[Date Prev][Date Next][Thread Prev][Thread Next][Date Index][Thread Index]

Re: [for 4.22 v5 10/18] xen/riscv: implement p2m_set_range()




On 11/10/25 3:53 PM, Jan Beulich wrote:
On 20.10.2025 17:57, Oleksii Kurochko wrote:
--- a/xen/arch/riscv/include/asm/p2m.h
+++ b/xen/arch/riscv/include/asm/p2m.h
@@ -8,12 +8,45 @@
 #include <xen/rwlock.h>
 #include <xen/types.h>
 
+#include <asm/page.h>
 #include <asm/page-bits.h>
 
 extern unsigned char gstage_mode;
+extern unsigned int gstage_root_level;
 
 #define P2M_ROOT_ORDER  (ilog2(GSTAGE_ROOT_PAGE_TABLE_SIZE) - PAGE_SHIFT)
 #define P2M_ROOT_PAGES  BIT(P2M_ROOT_ORDER, U)
+#define P2M_ROOT_LEVEL  gstage_root_level
+
+/*
+ * According to the RISC-V spec:
+ *   When hgatp.MODE specifies a translation scheme of Sv32x4, Sv39x4, Sv48x4,
+ *   or Sv57x4, G-stage address translation is a variation on the usual
+ *   page-based virtual address translation scheme of Sv32, Sv39, Sv48, or
+ *   Sv57, respectively. In each case, the size of the incoming address is
+ *   widened by 2 bits (to 34, 41, 50, or 59 bits).
+ *
+ * P2M_LEVEL_ORDER(lvl) defines the bit position in the GFN from which
+ * the index for this level of the P2M page table starts. The extra 2
+ * bits added by the "x4" schemes only affect the root page table width.
+ *
+ * Therefore, this macro can safely reuse XEN_PT_LEVEL_ORDER() for all
+ * levels: the extra 2 bits do not change the indices of lower levels.
+ *
+ * The extra 2 bits are only relevant if one tried to address beyond the
+ * root level (i.e., P2M_LEVEL_ORDER(P2M_ROOT_LEVEL + 1)), which is
+ * invalid.
+ */
+#define P2M_LEVEL_ORDER(lvl) XEN_PT_LEVEL_ORDER(lvl)
Is the last paragraph of the comment really needed? It talks about something
absurd / impossible only.
Agree, it isn't really needed, lets drop it.

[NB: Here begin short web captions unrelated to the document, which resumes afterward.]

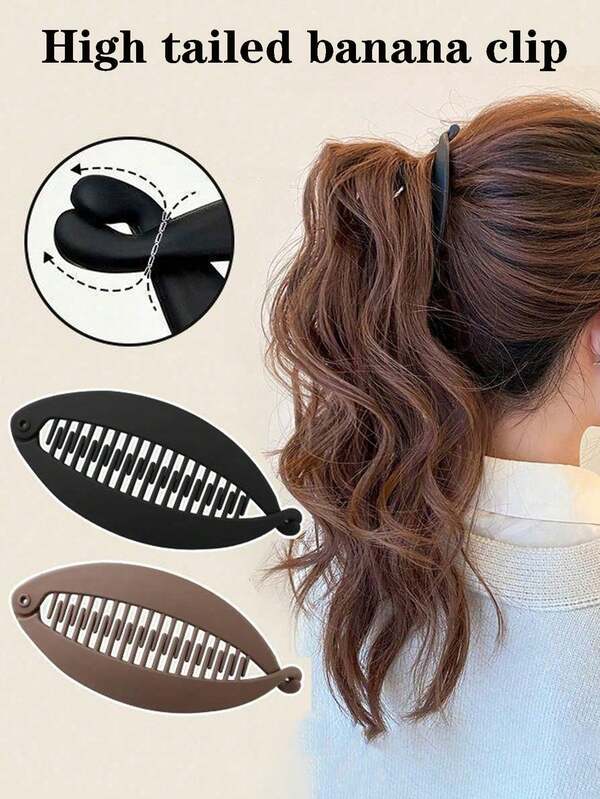 2 pezzi, fermagli a banana grandi, pettine per capelli di colore nero caffè, in plastica, fermagli a banana flessibili adatti per code di cavallo di capelli spessi, fermagli a banana con chiusura a incastro, accessori per capelli, accessori per capelli da donna, accessori, regali, viaggi, regali per donne, articoli per capelli, regalini per calze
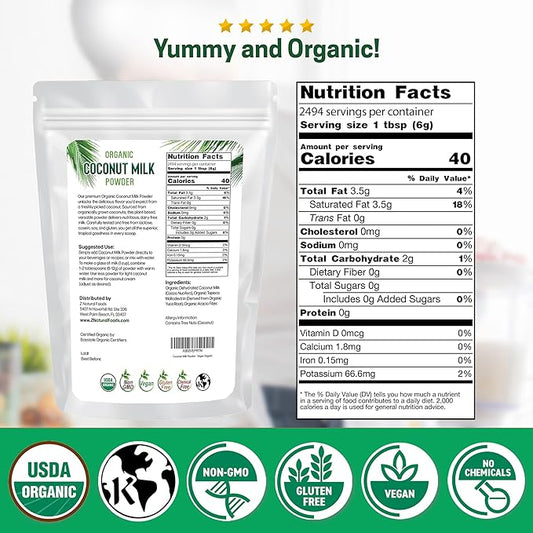 Z Natural Foods Organic Coconut Milk Powder - All-Natural Vegan Dairy-Free Alternative with MCTs - Unsweetened Coconut Creamer for Coffee & Smoothies - Gluten-Free, Non-GMO, 33 lbs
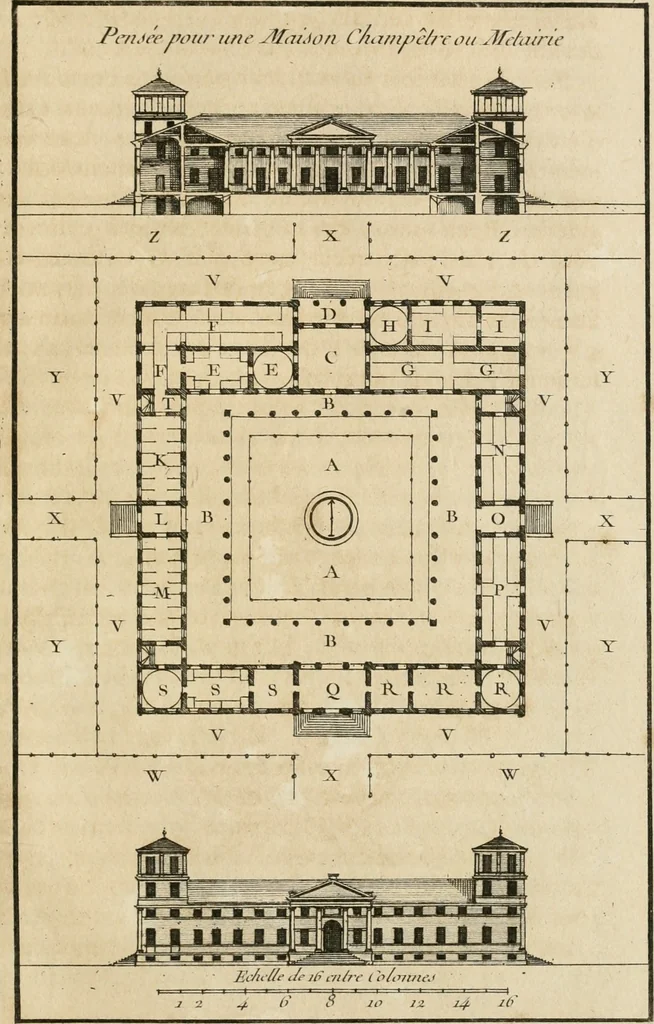 An illustration from uvres d'architecture de Vincent Scamozzi, architecte de la République de Venise, 1764, leaf 370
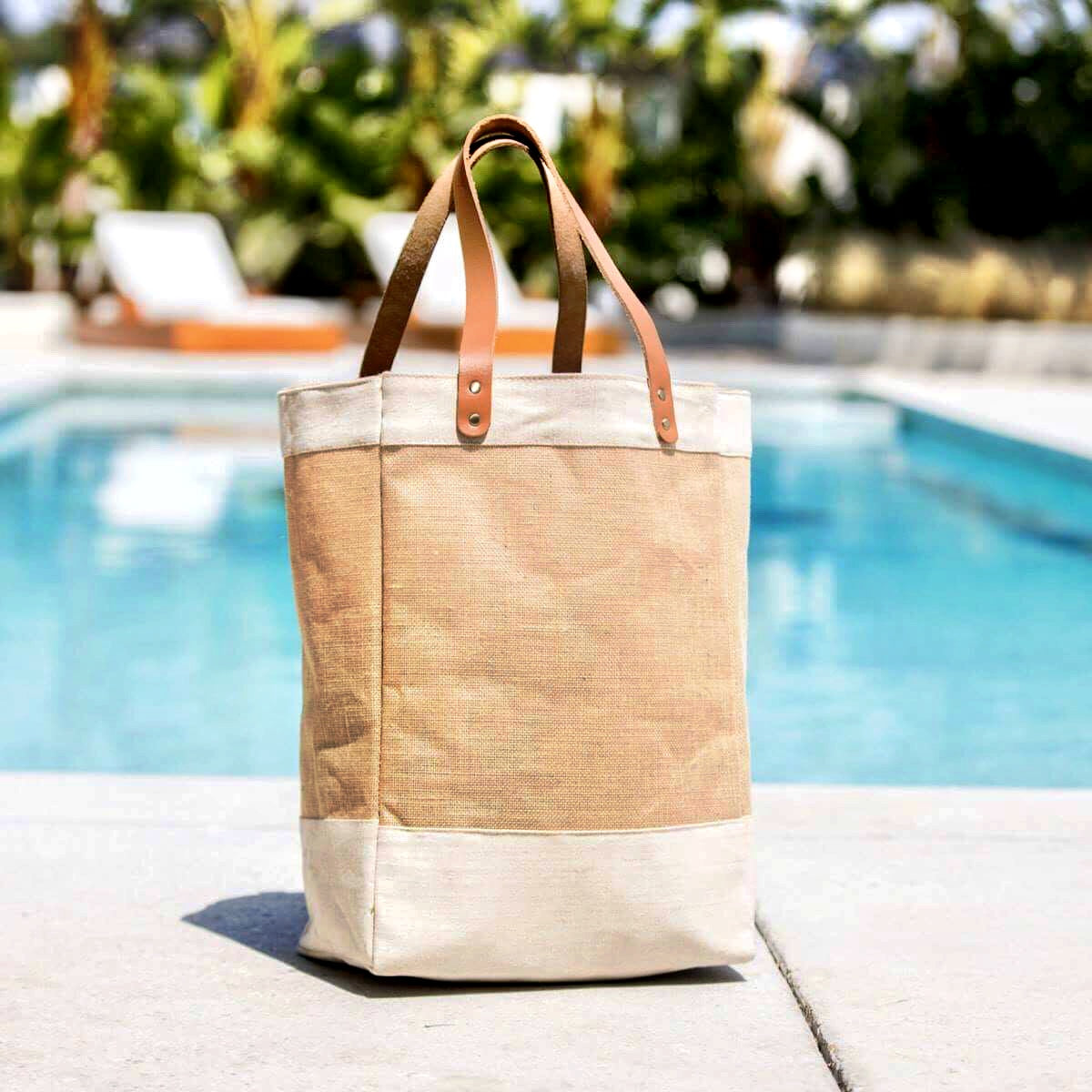  Caravan Burlap Natural Market Tote - Default Title - Bonton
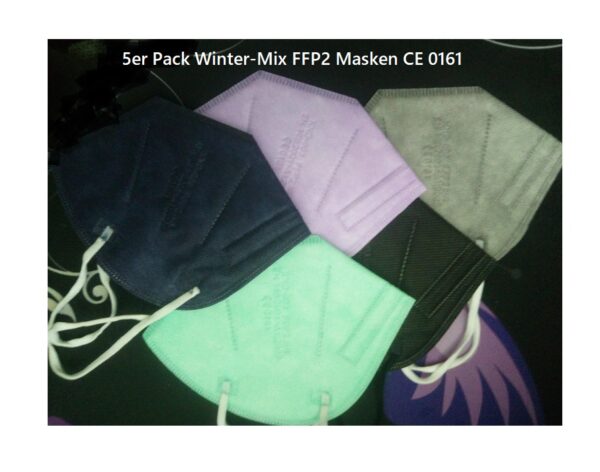 "Winter-Mix" 5er Pack FFP2 NR Schutzmaske,lavendel, hellgrün, grau, schwarz und navy blau, 5-lagig CE 0161 2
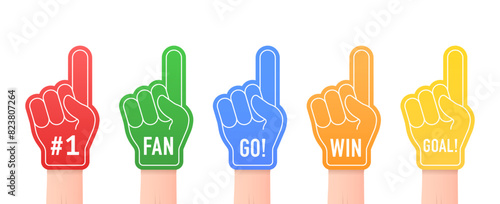 Hands up with glove with number one, stadium supporter pride accessory, football victory symbol, success vector concept. Number one fan glove, sign of support for sports concept. Vector illustration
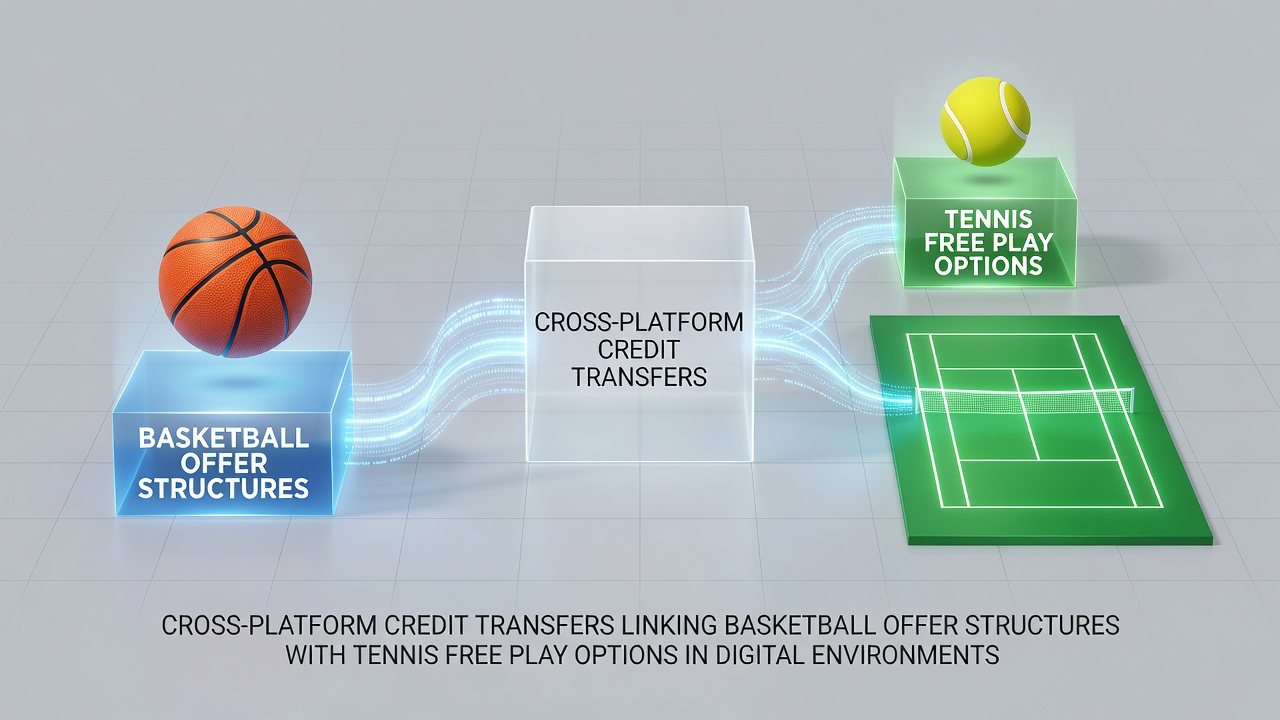 Digital interface showing credit transfer between basketball betting offers and tennis free play options on a mobile app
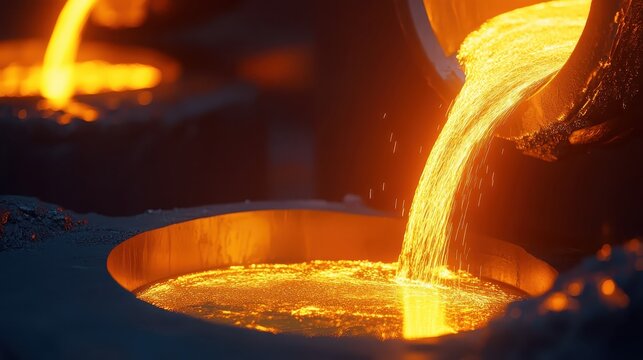 Fiery molten metal glowing intensely as it's poured into industrial molds, showcasing the powerful process of production.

+#define P2M_ROOT_EXTRA_BITS(lvl) (2 * ((lvl) == P2M_ROOT_LEVEL))
+
+#define P2M_PAGETABLE_ENTRIES(lvl) \
+    (BIT(PAGETABLE_ORDER + P2M_ROOT_EXTRA_BITS(lvl), UL))
+
+#define GFN_MASK(lvl) (P2M_PAGETABLE_ENTRIES(lvl) - 1UL)
If I'm not mistaken, this is a mask with the low 10 or 12 bits set.
I'm not sure I fully understand you here. With the current implementation,
it returns a bitmask that corresponds to the number of index bits used
at each level. So, if P2M_ROOT_LEVEL = 2, then:
  GFN_MASK(0) = 0x1ff (9-bit GFN for the level 0)
  GFN_MASK(1) = 0x1ff (9-bit GFN width for level 1)
  GFN_MASK(2) = 0x7ff (11-bit GFN width for level 2)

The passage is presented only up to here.